Inhalt dieser "Schwerpunktaktionen" sollen sein:
- Gemeinden, Vereine und karitative Organisationen für die Aufnahme von Landzeitarbeitssuchenden verstärkt fördern.
- Vorziehung von Baumaßnahmen bei Infrastruktur und Verwaltung.
- Besondere Schwerpunktaktionen bei Betriebsansiedelungen.
- Beschleunigte Abwicklung von Genehmigungsverfahren.
- Schwerpunktaktionen landesspezifischer Arbeitsmarkt-Fördermaßnahmen.

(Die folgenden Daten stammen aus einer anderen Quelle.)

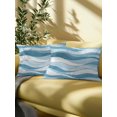 thumbnail image 5 of Outdoor Pillows Waterproof, Blue Ombre Throw Pillows with Inserts Included, Modern Moire Abstract Art Aesthetics Indoor Outdoor Decorative Lumbar Pillow for Bed/Couch/Patio 12"x20", 2Pcs, 5 of 8
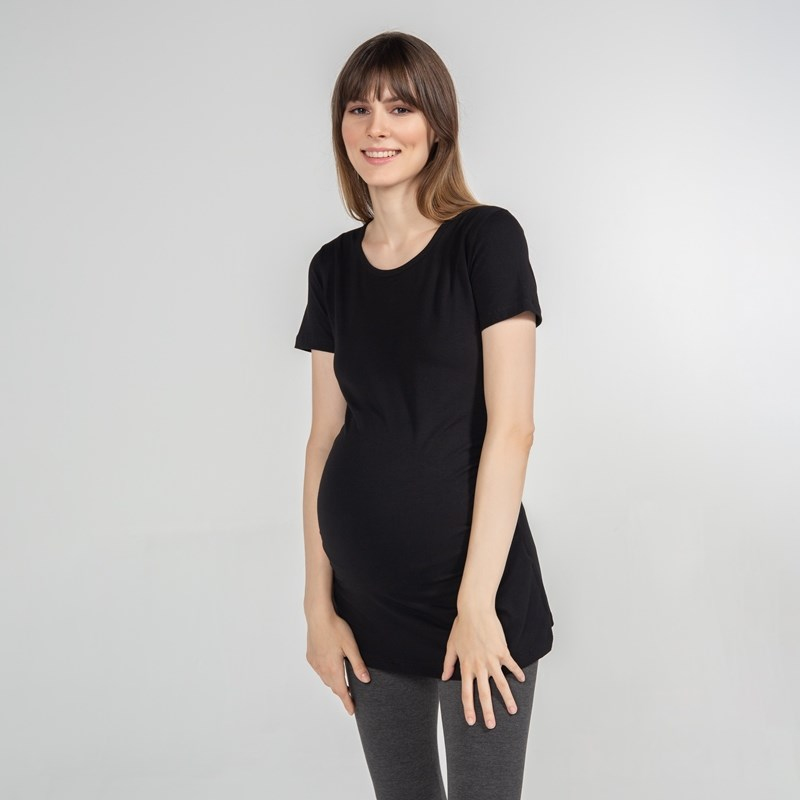 Basic Bisiklet Yaka - Hamile T-Shirt - Siyah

- Verstärkte Zusammenarbeit der Sozialpartner für Beschäftigungsinitiativen auf regionaler Ebene - z.B. Startbahn-Vöslau.

"Die Menschen erwarten sich zu Recht verstärkte Anstrengungen aller Verantwortungsträger. Wir dürfen uns trotz unserer Erfolge nicht zurücklehnen, sondern wir müssen uns den vielen Ängsten und Problemen der Menschen noch intensiver widmen. Wir können sicher keine Wunder wirken - wenn wir alle an einem Strang ziehen, sollte doch die eine oder andere Verbesserung erreichbar sein", so Bgm. LR Fritz Knotzer abschließend.